The conviction has stolen upon me, now, in my dying hours, that memory has been restored to me for the purpose of redemption by enlightenment thus: that it now occurs to me that I committed the gravest of sins in pursuit of my ambition, that the ingratitude towards and murder of my savior are the original wrongs from which my abhorrent creation was born and thereby irrevocably damned. And further: that guilt of my sin has blinded me to the righteousness of my creature’s claims to exist peaceably in company with another of his kind that he might not suffer the unnaturalness of interminable loneliness, a condition cruel and intolerable to any living creature. And further still: that I alone am responsible for thusly casting my creation into Hell, but that the being of my creation must suffer that punishment nonetheless, though he be born in innocence, and for that suffering of innocence I am both responsible and damned as well. In penance, I therefore claim this monster of my creation as my child, admit my wrong in denying his rightful filial claims against me, and seek his forgiveness for what I have done and for what I ask him now to do. I ask forgiveness that my death may be a peace to me and all creatures, and that in death may my child find the peace that, being born of the most egregious sin, could not attend to his existence in life. My child, I bid you a peaceable death.

Yours in eternal service,
Dr. Victor Frankenstein



Maya Alexandri is the author of The Plague Cycle (Spuyten Duyvil 2018), a short story collection, and The Celebration Husband (TSL Publications 2015), a novel. Her short stories have been published in The Forge, The Stockholm Review of Books, Dime Show Review, The Light Ekphrastic, and many others. Her story, “Ann Noni Mini,” was nominated for a 2018 Pushcart Prize. Maya was one of the organizers of the 2016-2017 interdisciplinary arts series, Amplified Cactus, in Baltimore, Maryland. She counts among her literary mentors the novelists D.M. Thomas and Madison Smartt Bell. Maya has lived in China, India, and Kenya, and she has worked as an actor, lawyer, UN consultant, blues-rock singer, and emergency medical technician. She is currently a medical student at the Zucker School of Medicine at Hofstra-Northwell and a 2nd Lieutenant in the U.S. Army. For more information, see www.mayaalexandri.com.

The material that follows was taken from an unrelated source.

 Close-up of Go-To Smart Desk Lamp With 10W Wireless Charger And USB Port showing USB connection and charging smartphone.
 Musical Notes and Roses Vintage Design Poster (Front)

WHY WE CHOSE TO PUBLISH “On the Origin of Frankenstein’s Monster’s Penis”:

Anyone who has read Mary Shelley’s original novel knows that it leaves out the details of how Victor Frankenstein constructed the creature. What we loved about this piece is that the author captures Shelley’s voice so beautifully as well as the pathos embodied in the story. These details give the story a very authentic feel, as if Shelley had written this part and left it out of the original. To accomplish that requires careful attention to detail in order to remain faithful to the original.

Having published Maya Alexandri previously, we knew her to be a talented writer, and when we read the title of this piece, we had high expectations for it. Not only did she not disappoint us, but she exceeded our expectations. We say bravo! for a job well done and an impressive piece of writing.